Born in Dubbo of all places, (I grew up not far from Dubbo. Dubbo is a mid sized country city in Australia, however in 1905 it was one step up from being a backwater) in 1905 she went on to become the founder of Australian Interior design, and the local arbiter of the latest style the world had to offer in the 1960’s, as well as promoting home grown talent. Her Sydney shop became internationally famous as one of the places where one could go and be immersed in the latest interior design trends. She stocked fabrics from Marimekko, glassware from Kosta Boda, wallpapers from Nobilis and Follot, furniture from Saarinen, Bertoia and Eames, giving the Australian public (who could afford it) a virtual Aladdin’s cave of great design and international savoir faire.
She despised the drab, post war world of safe beiges and subdued colours, instead creating interiors that were dazzling in their use of colour and execution. Vivid yellows, blues and greens competed with shocking pink glazes and white modernist furniture. Her creative use of colour and innovative designs were not to the taste of everyone, with her design for the Elizabeth Arden Salon in Sydney being redone by another designer within 18 months of her original commission. She herself wrote: “I used to cry about it… they said ‘Marion puts spinach in the paint’. I was terribly hurt, but never doubted what I was doing”. I am glad she didn’t doubt it, however very few of her interiors exist today. She was also commissioned by Hyatt to design the interiors of the new Hyatt Kingsgate in Sydney in 1969. I remember my father taking my brother and I to dinner there in 1976, and remember the lobby as being a wonderfully intimate space, of deep dark reds and browns with a vividly patterned carpet. (Who would have known, that I would one day work in the Hyatt in Front Office, however unfortunately after they had refurbished).

Again not to the taste of everyone, however a definite inclusion into the annals of savoir faire.

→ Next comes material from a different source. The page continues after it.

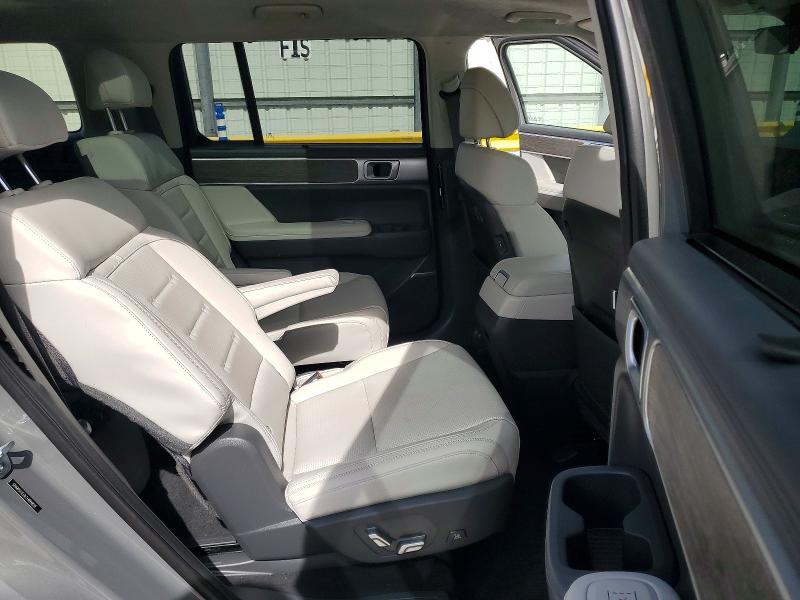 Продажа на аукционе авто 2026 Hyundai Santa Fe, vin: 5NMP5DG16TH094850, номер лота: 56296786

  1. It may not be to everyone's taste, but it is to mine. I rememebr this style when it was new and dazzling and I'm convinced that Earo Saarinen tables made me gay, but I had never run across Best, so thanks. What wonderful rooms.

  2. Peenee, I am glad that you love them! I think that they are amazing, considering Australia in the 1960's. As to turning gay, after seeing the table I am glad that you can pinpoint the catylyst

  3. And so practical, too. Lots of shiny, shiny smooth surfaces, so you can do cocaine anywhere, anytime.